In one embodiment, audiovisual conference service 108 can manage the size of the jitter buffer that is used by the different network interfaces of the device 102A. In this embodiment, the audiovisual conference service 108 can receive a heads-up that a Wi-Fi off channel scan is about to start. In one embodiment, a Wi-Fi interface of the device 102A can receive a request to perform a task that will take the channel offline for a small period of time. In this embodiment, instead of acting immediately, the interface can send a heads up and start later. This delay can be a function of the magnitude of the single outage period. By receiving a heads-up that Wi-Fi off channel scan is about to start, the audiovisual conference service 108 can adjust a target delay to compensate for the Wi-Fi off channel scan. In one embodiment, the Wi-Fi off-channel scan heads-up is time period that is long enough to allow a jitter buffer to grow to a reasonable size to handle the delays caused by a Wi-Fi off-channel scan. As per above, the small network outages due to the Wi-Fi off-channel scanning can produce spikes in the measured jitter of typically few hundred milliseconds. These jitter spikes can result in audio erasures. In one embodiment, increasing the target delay to size that can handle the Wi-Fi off-channel scan can cause the jitter buffer to grow during the time period prior to the Wi-Fi off-channel scan start, so that the jitter buffer is large enough to handle the delay caused by the Wi-Fi off-channel scan. The jitter buffer adjustment, in one embodiment, can be handled by the normal jitter buffer management.

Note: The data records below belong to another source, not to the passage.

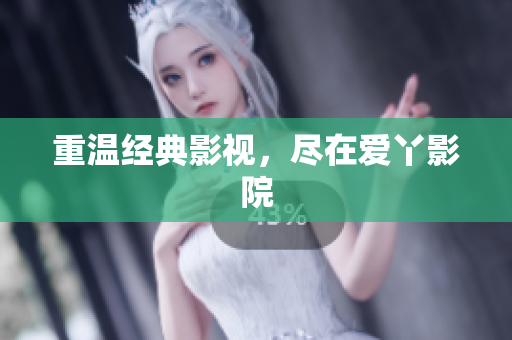 重温经典影视，尽在爱丫影院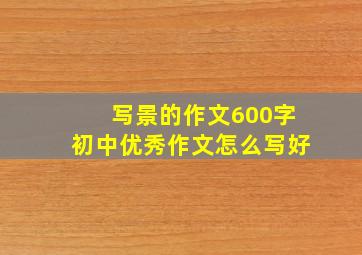 写景的作文600字初中优秀作文怎么写好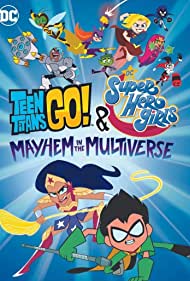 Watch Full Movie :Teen Titans Go DC Super Hero Girls Mayhem in the Multiverse (2022)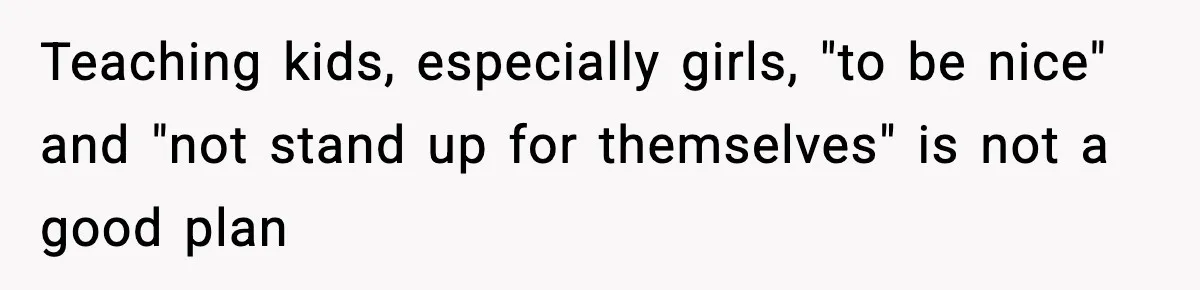 Teaching kids, especially girls, "to be nice" and "not stand up for themselves" is not a good plan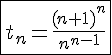 4$\fbox{t_n=\frac{(n+1)^n}{n^{n-1}}}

In one embodiment, if a device (e.g., device 102A) uses a Wi-Fi interface for conducting a video telephony call, the Wi-Fi interface can sometimes go off-channel that disrupts the communications. In this embodiment, the Wi-Fi interface performs off-channel scanning that tunes the Wi-Fi radio to another channel to look for available access points (APs) or scans for APs on a channel to which it is not connected (hence “off-channel”). The device scans the off-channel APs looking for a suitable AP to connect to in case it needs to roam from its current ‘on-channel’ AP. FIG. 2 is an illustration of one embodiment of a plot 200 showing Wi-Fi off-channel events interrupting a video telephony stream. In FIG. 2, the plot 200 plots latency of the video telephony packets (illustrated as an interpacket delay in milliseconds (ms) (202)) versus time 204. For most of the time, the latency is below 40 ms (206), which is latency that can be used for a high-quality video telephony call. However, periodically, the Wi-Fi interface will go off-channel as described above. During this time, the Wi-Fi temporarily disrupts the communication of the video telephony (and all other communications) during this time, leading large increases in latency for the video telephony call (208). This can cause the latency to jump to 100 ms, 200 ms, 300 ms, or even higher. In one embodiment, because these off-channel scans occur locally on the device, the network can capture when these off-channel scanning events begin and end.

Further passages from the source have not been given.